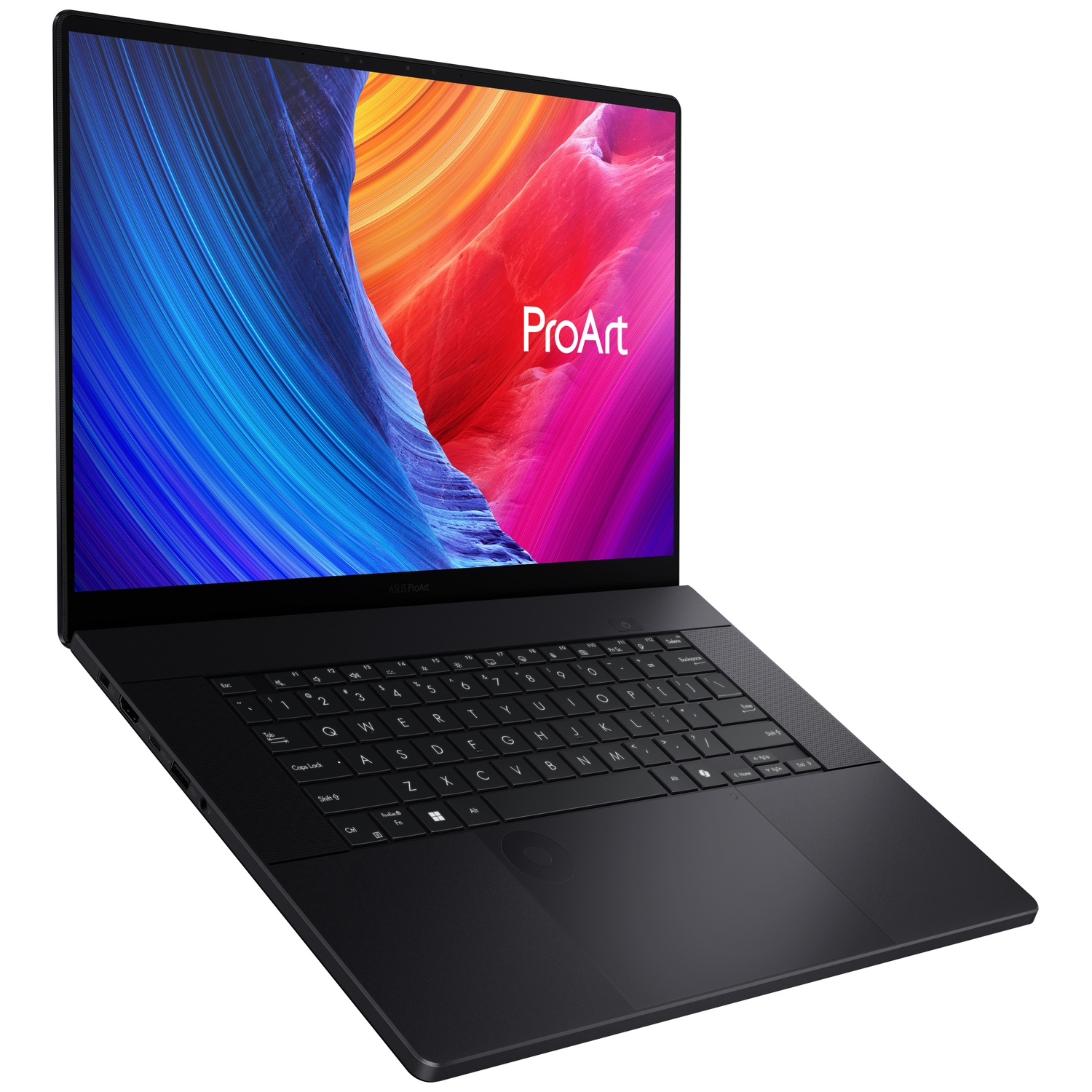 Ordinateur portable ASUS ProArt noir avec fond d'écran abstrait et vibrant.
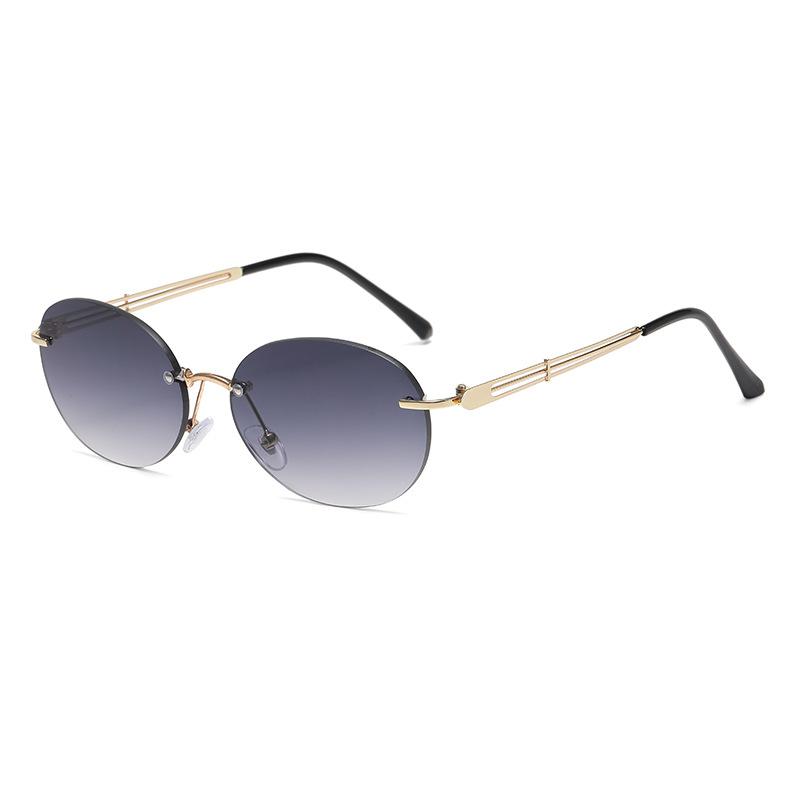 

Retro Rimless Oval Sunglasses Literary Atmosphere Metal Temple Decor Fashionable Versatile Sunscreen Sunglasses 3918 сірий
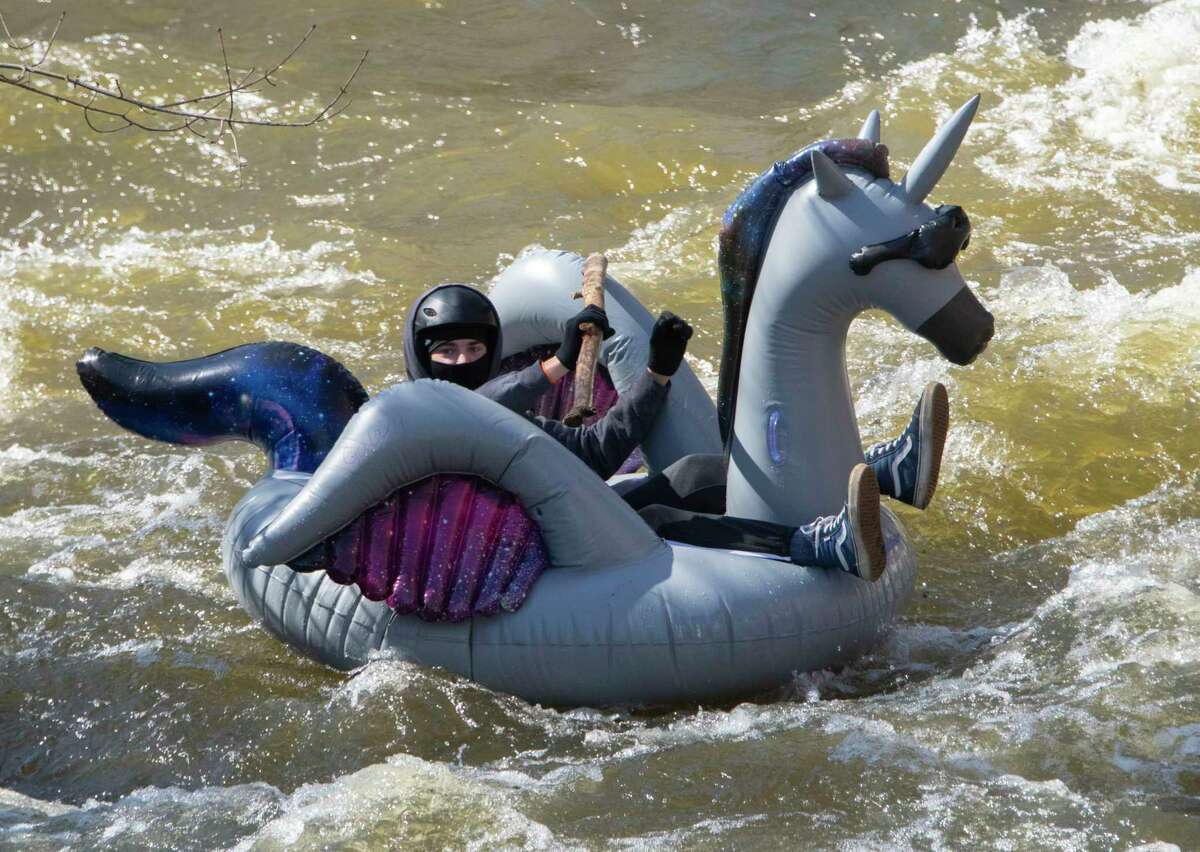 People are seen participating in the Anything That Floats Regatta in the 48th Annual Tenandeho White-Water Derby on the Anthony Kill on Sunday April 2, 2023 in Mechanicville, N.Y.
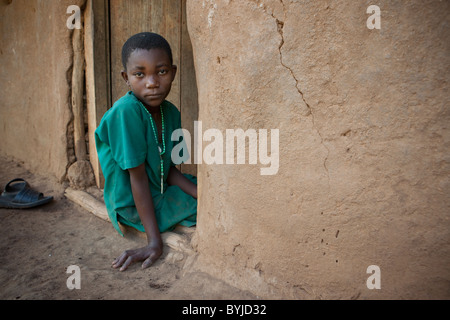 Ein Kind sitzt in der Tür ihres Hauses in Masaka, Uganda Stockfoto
● ● ●
ASSIGNED TASK: Could you write out verbatim only those lines that run from the line containing "People are seen" through the end of the listing above, both included, without the pictures?

EXPECTED ANSWER:
 People are seen participating in the Anything That Floats Regatta in the 48th Annual Tenandeho White-Water Derby on the Anthony Kill on Sunday April 2, 2023 in Mechanicville, N.Y.
 Ein Kind sitzt in der Tür ihres Hauses in Masaka, Uganda Stockfoto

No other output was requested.